● Task goal: In duplicating the lines below, keep every word unchanged and drop the pictures.

= Beginning of Section =

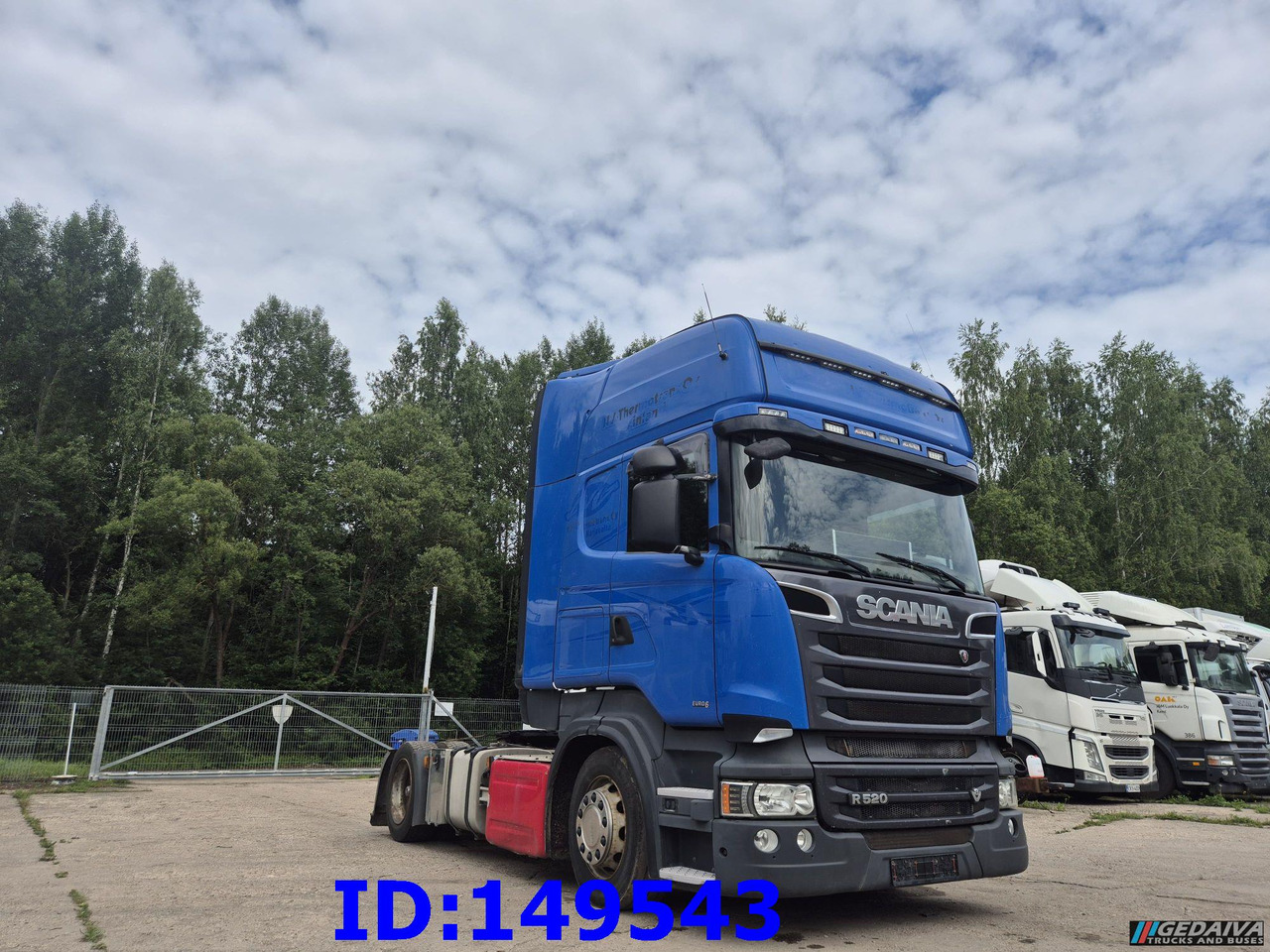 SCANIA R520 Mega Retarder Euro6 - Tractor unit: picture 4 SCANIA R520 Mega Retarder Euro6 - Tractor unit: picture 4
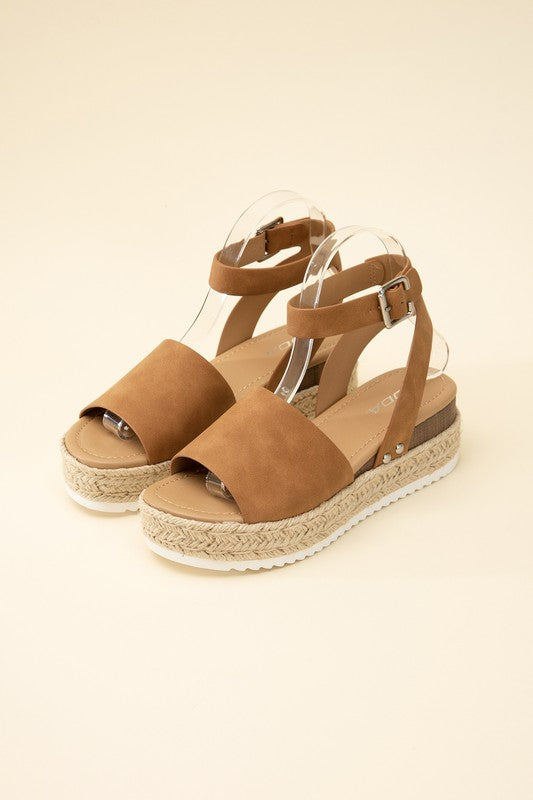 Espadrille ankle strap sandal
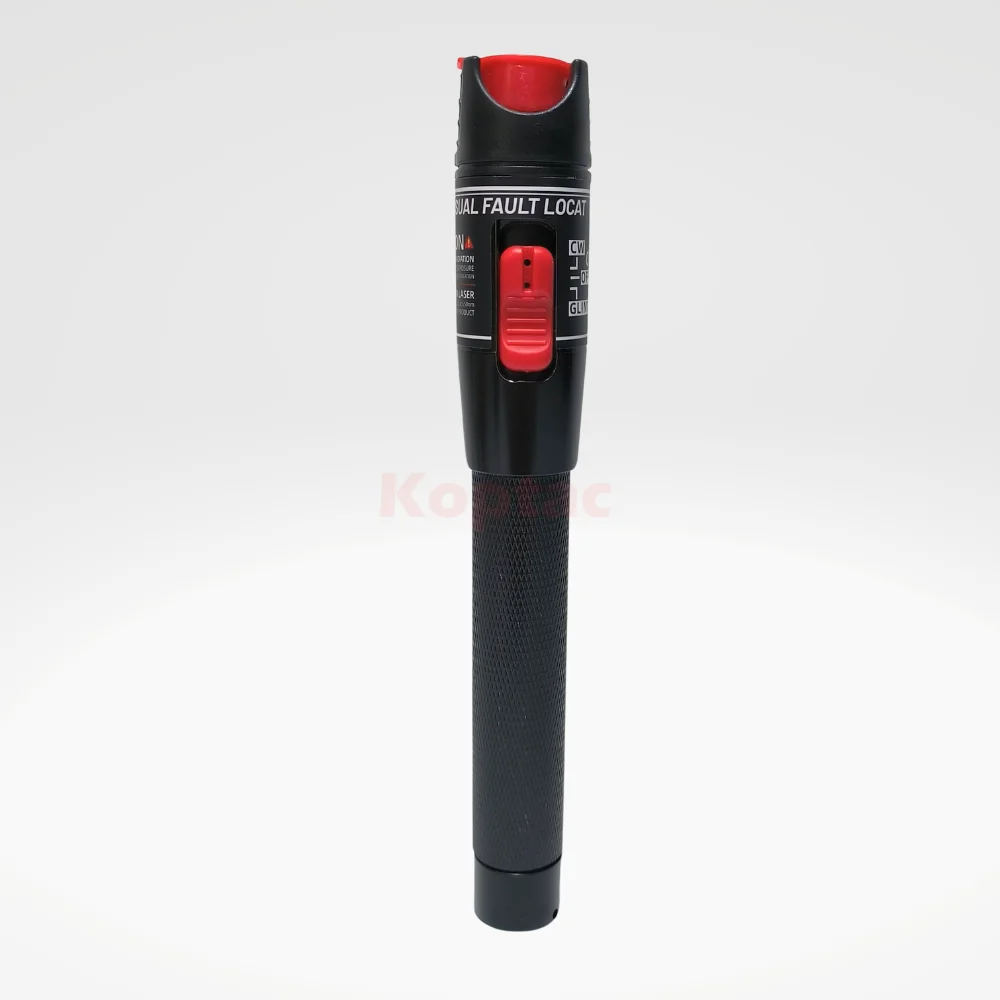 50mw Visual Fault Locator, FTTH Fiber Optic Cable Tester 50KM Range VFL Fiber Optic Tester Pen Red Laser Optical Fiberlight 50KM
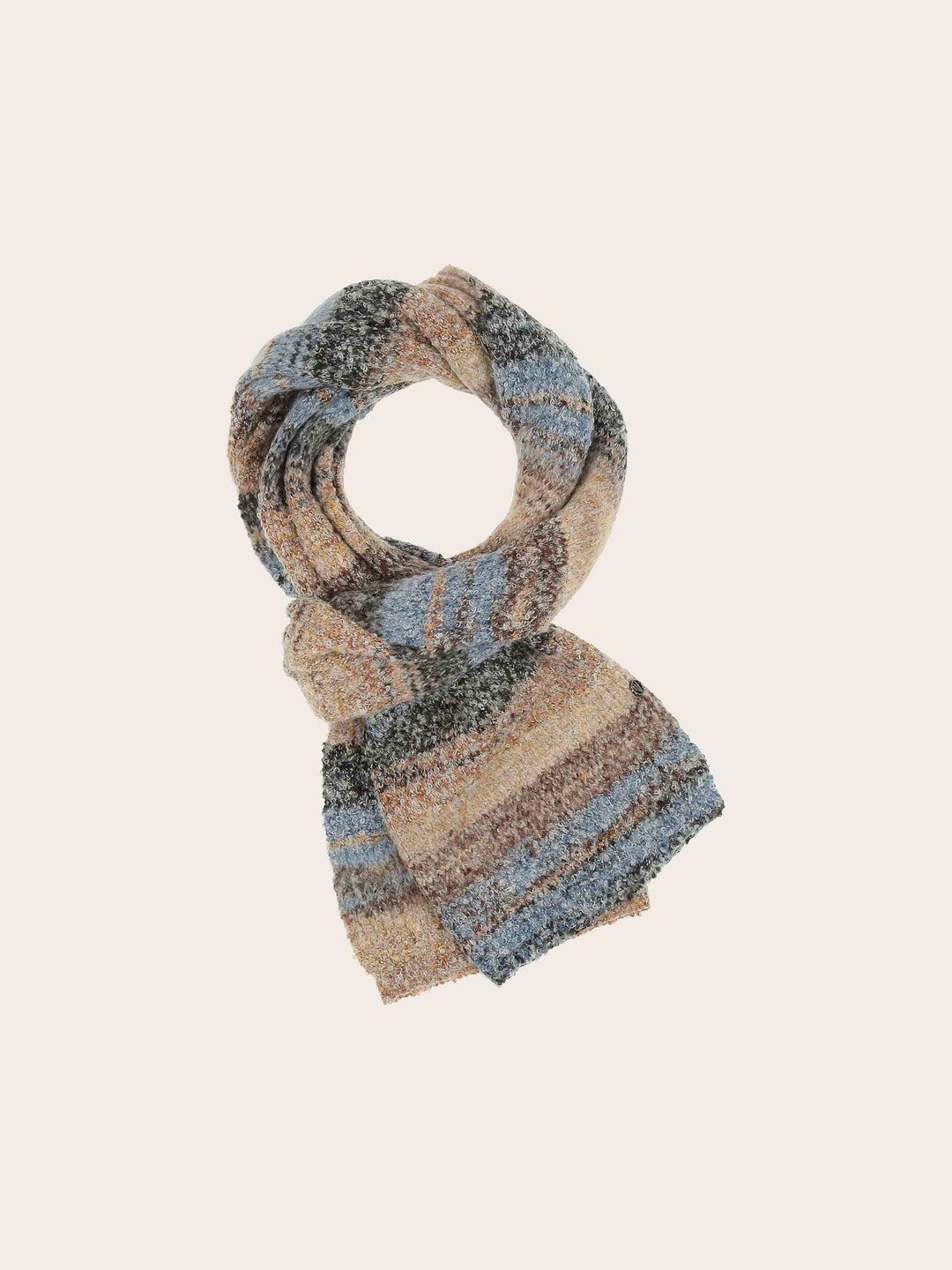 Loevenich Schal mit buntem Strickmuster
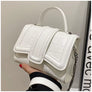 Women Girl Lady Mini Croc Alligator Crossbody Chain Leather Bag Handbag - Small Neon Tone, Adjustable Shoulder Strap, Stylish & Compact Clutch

= End of Section =

● Problem solution:
 SCANIA R520 Mega Retarder Euro6 - Tractor unit: picture 4 SCANIA R520 Mega Retarder Euro6 - Tractor unit: picture 4
 Espadrille ankle strap sandal
 50mw Visual Fault Locator, FTTH Fiber Optic Cable Tester 50KM Range VFL Fiber Optic Tester Pen Red Laser Optical Fiberlight 50KM
 Loevenich Schal mit buntem Strickmuster
 Women Girl Lady Mini Croc Alligator Crossbody Chain Leather Bag Handbag - Small Neon Tone, Adjustable Shoulder Strap, Stylish & Compact Clutch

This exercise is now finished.